The pressing need for new energy generation and transmission in all its forms, as well as other major infrastructure, has prompted the government to create a new consent regime separate from the existing planning system.
The Planning Act 2008 set up the Infrastructure Planning Commission (IPC), which will be responsible for the administration and determination of applications for development consent for nationally significant infrastructure projects (NSIPs). Applications will be decided in accordance with national policy statements, to be produced by government.
The department for Communities and Local Government recently published a consultation paper on application procedures for NSIPs, with a model form of development consent and draft applications rules. The procedures, however, do not seem to offer dramatic improvements in speed and efficiency in processing applications - the justification for creating an entirely new regime.
One of the claimed advantages of the new regime is that the IPC will be able to get a grip on the amount of time taken to determine applications. Currently, planning inspectors are mainly obliged to sit and note the exchanges of adversarial parties. The IPC will be expected to take a more interrogatory role, defining the key issues itself and limiting the time available to parties to put their case. Unfortunately, the advantages of shorter hearings are likely to be undermined by features of the new applications procedures.
In public law terms, limitations on the right to be heard at the determination stage need to be validated by increased public consultation at the pre-application stage. Put simply, the new system intends to move large parts of a traditional planning inquiry out of the IPC inquiry and into the pre-application stage. The effect of this may well be to reduce the length of the resulting IPC inquiry, but it adds considerably to the pre-application workload on the promoter.
Three rounds
Applicants will need to undertake three rounds of consultation, starting with consultation on the consultation process itself. This will be followed by consultation on the application proposals in draft and, finally, full consultation on the application and all supporting documents before the application is submitted.

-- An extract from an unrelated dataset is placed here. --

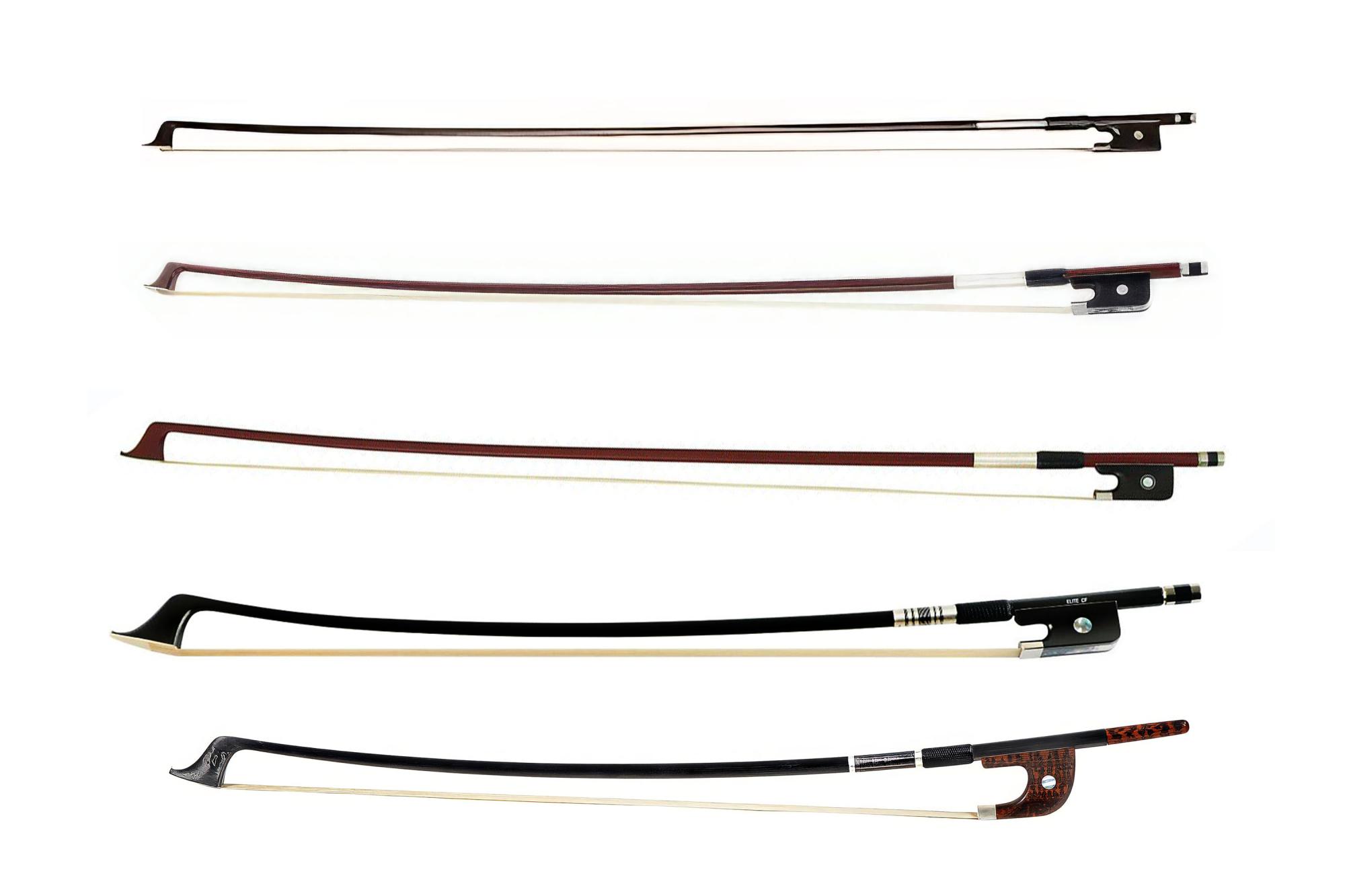 an image of different types of string bows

Applicants must take note of any relevant responses and produce a formal report to explain how the project has changed as a result of consultation, or to explain the reasons for not following up any significant responses. The IPC will have to certify that all consultation procedures have been followed before it lets the application proceed.
Promoters will therefore need to be ready to front-load their applications and follow the prescribed consultation procedures, in spite of indifference or irrational responses from consultees and commercial pressure to speed up the process.

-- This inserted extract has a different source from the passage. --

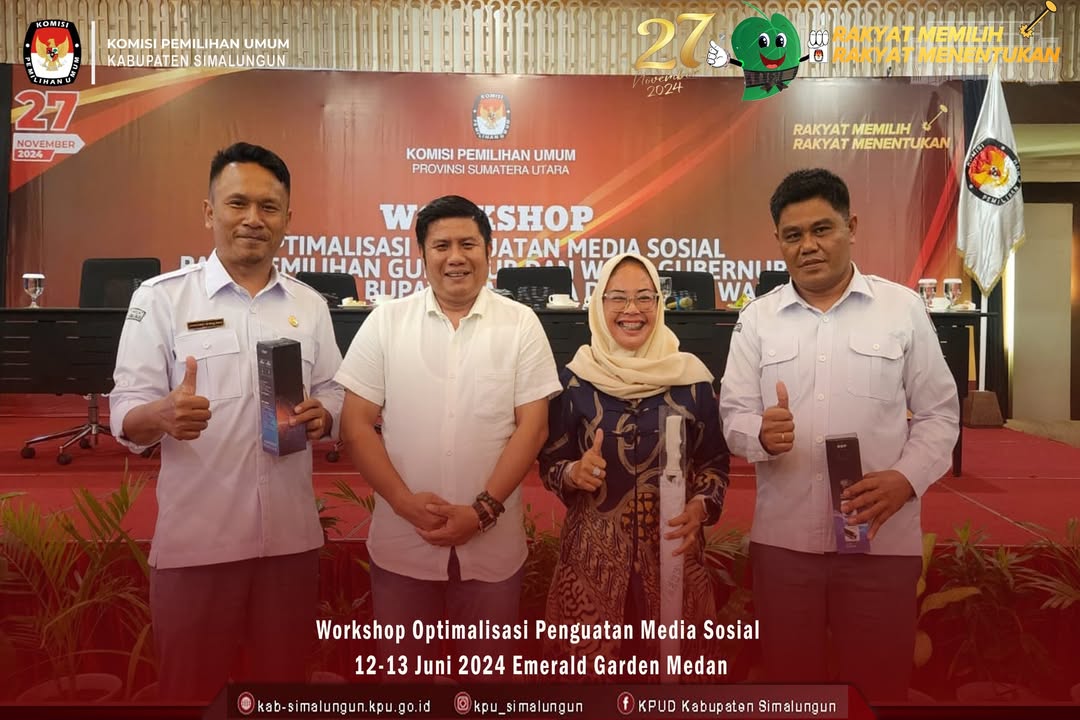 WORKSHOP OPTIMALISASI PENGUATAN MEDIA SOSIAL (12-13 JUNI 2024)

A significant change from the current environmental impact assessment regulations under the new system is that there will be a new requirement to carry out a formal consultation on an environmental statement before the submission of a development consent order (DCO) application. In practice, this would probably happen at the same time as the consultation on the full application and accompanying documents.
New information
However, the obvious implication of consulting on the environmental statement is the possibility that the consultation responses could produce new environmental information that would have to be considered before the application could be submitted, with the added possibility that some of the reasons for the choice of development proposal would need to be revisited.
The proposed applications rules, which are intended to come into force in October this year, are likely to increase the amount of time and information required to make a valid application. The draft regulations (set out in the first annex to the consultation paper) bear a close resemblance to the regulations for schemes under the Transport and Works Act 1992. Experience with applications under this act suggests that there could be several practical and legal problems. The regulations are highly prescriptive. There is no provision for waiver or the exercise of discretion. In contrast, planning application procedures provide flexibility and discretion, despite a recent trend towards greater prescription.

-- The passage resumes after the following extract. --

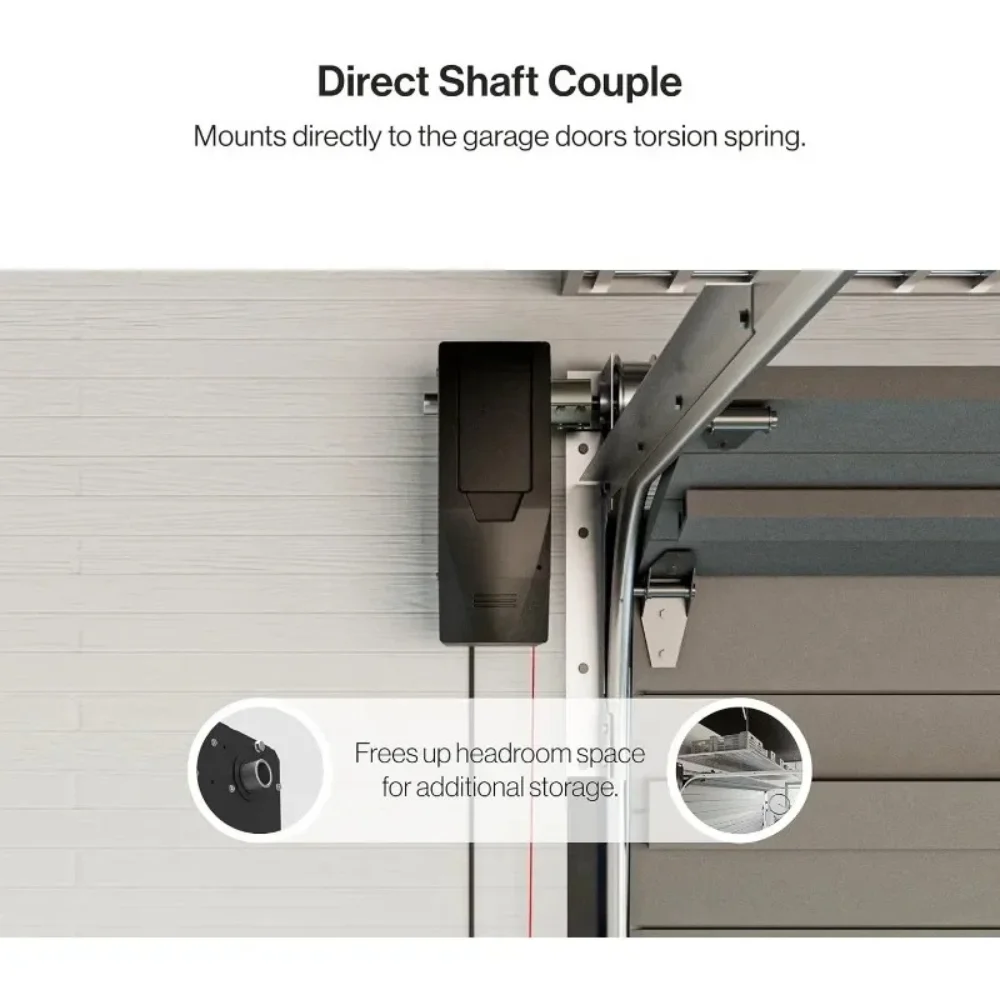 Smart Wall Mounted Garage Door Opener 3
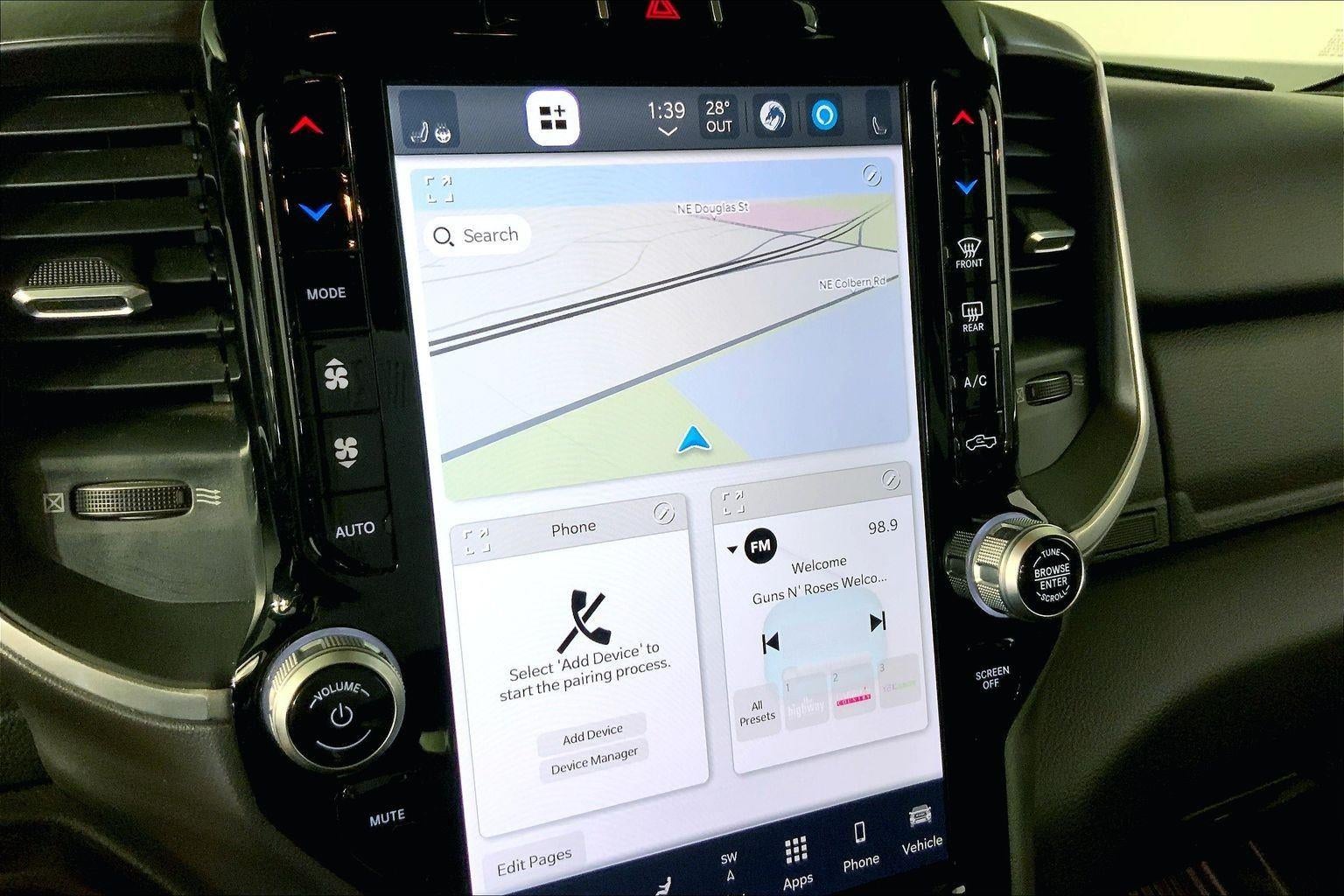 2023 RAM 1500 Big Horn Crew Cab 4x4 6'4' Box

It is an essential feature of many major projects to preserve design flexibility so the project can be implemented over 15-20 years. It will be important to ensure that aspects of a major project can be considered in outline as part of a DCO application to the IPC.
However, the draft regulations require a level of detail equivalent to a detailed planning application to be provided with an application. This may be because a national policy statement - which is specific to a particular location following a strategic site assessment - may be similar to an outline planning permission, but the indications are that it is likely to be more vague than that.
Onerous
The requirement for a fully detailed application is onerous and may be impossible to satisfy. There may be some relief in the shape of the draft model clauses for a DCO, which allow for some approval of details to be undertaken later by the local planning authority. But discussions to date have revealed that the system is intended to operate with "full" applications and that it will be a matter for the IPC's discretion whether to allow an element of "outline" information with particular types of application. This is an area of significant project risk.
There is no provision in the Planning Act or in the draft regulations for any modification amending or adding to a DCO application in the period after it has been submitted and formally accepted by the IPC, but before the IPC makes its final decision. It is a common feature of major projects that detailed design or engineering developments occur while the project is in the planning process, necessitating detailed amendment to applications and/or the submission of new detailed material during a planning inquiry.
Under the IPC process, however, there will be an expectation that the promoter will have done all of this work before the DCO application is submitted. There have been indications that amendments to applications will be possible after they have been submitted, but only if the IPC is satisfied that all stakeholders have had sufficient notice and opportunity to comment on such amendments. This is expected to be addressed in the third tranche of draft IPC regulations due for publication in autumn 2009. It is another significant project risk.
Detailed regulations
Detailed regulations and guidance may be attractive because they set out the tests that the secretary of state wants applicants to pass to obtain consent. But the more rules there are, the greater the risk of judicial review challenges by third party objectors. If a successful challenge is based on failure to follow prescribed procedural guidance, the courts will have little discretion not to quash a consent. This means that promoters, and the IPC, will need to apply the guidance and regulations with the same forensic rigour as for environmental assessments to avoid delays arising from court challenges on procedural grounds.
What does this mean for new utility projects? Parts of the new rules will demand a change in approach from promoters. At all stages, promoters will have to pay attention to procedural requirements and deadlines. Applications will need to be front-loaded, with extensive consultation and detailed applications. Pre-application work will take longer.
On the positive side, dialogue between the promoter and the IPC throughout the pre-application stages may help to overcome the practical and legal problems associated with the rigidity of the rules. The acceptance of a valid application will be a key milestone in a project.
Utility companies operate in a competitive market. Adherence to the rules with minimum delay and disruption will be crucial. Management of application procedures will have to be efficient and robust, as competitors and objectors will be looking for opportunities to challenge through the courts.
If applicants can manage the process efficiently, the rules offer a fast track to a single development consent. But the value of the new system will also depend on the approach and culture of the IPC, for which we must wait and see. The chairman has been appointed, commissioners are being recruited and the system is expected to be up and running later this year.